I liked this idea so much, I immediately resolved not to make resolutions at all, on any day. Consequently, I have never failed to lose that fifteen pounds, save that extra ten thousand, climb Kilimanjaro, or run in any marathons. Despite this lapse, I remain amazingly, some might suggest naively, content.

Thus, I was perplexed, to say the least, when an enthusiastic fan requested to see my list of New Year's Resolutions for 2011. Ever curious, and throwing caution and personal history to the winds, I succumbed to the request and developed what I would call New Year's Aspirations:

1. To impose my own personal tax reform by overcoming all temptations to engage in conversation regarding any form of tax: flat, high, low, income, sales, VAT, progressive, regressive, delinquent, school, property or the aptly named sewer.

2. To never again eat in a restaurant that has no oven in its kitchen, and to refrain from ordering anything on a menu with rose petals in it.

3. To install that electric fence around the file marked "Real Estate."

4. To watch at least one TV show on an actual TV, at its regularly scheduled time, with commercials, without putting it on hold, or making any pretense whatsoever that it is a depiction of reality.

5. To sit back and enjoy the fact that Metro North is able to spend untold millions doing many things to the local station, which had little or no need of doing, and wishing that we'd buy more trains instead.
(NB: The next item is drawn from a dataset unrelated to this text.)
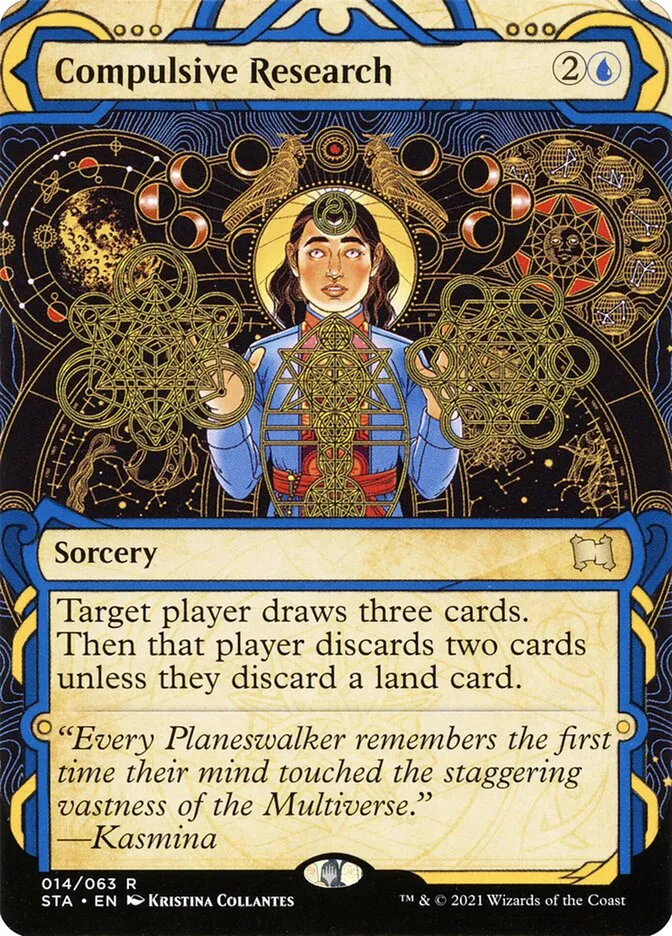 2021 Strixhaven Mystical Archive Compulsive Research [Etched Foil] rare #14 rare card image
Silly thoughts.

6. To meet fewer people who have written a memoir, are currently writing one, or who are contemplating paying someone to write one for them.


7. To no longer lie awake at night wondering why people merrily part with $50,000 for a year of essentially part-time study in a premium-brand college, while weeping and wailing uncontrollably about their $5,000 local school tax.


8. To overcome any temptation to curate anything, or to be curated.

9. To quit worrying why almost all start-ups never do.


10. To simply accept the rise of The Kardashians and not worry about its meaning. Same for the Karzais.

Bonus. To remind myself why I ceased making resolutions in the first place and to embrace and love my fans while distancing myself from some of their risky advice.

Ed Note: A slightly different version of this post ran in the 1/17/10 print and online edition of The Rye (NY) Record: http://www.ryerecord.com/ , Page A17, where the author is a regular columnist, and as some few brave and wise souls might say, humorist. Please try to remain calm while navigating the paper's "unusual" online system. It is, apparently, state of the art, but only if that state's capital is Albany.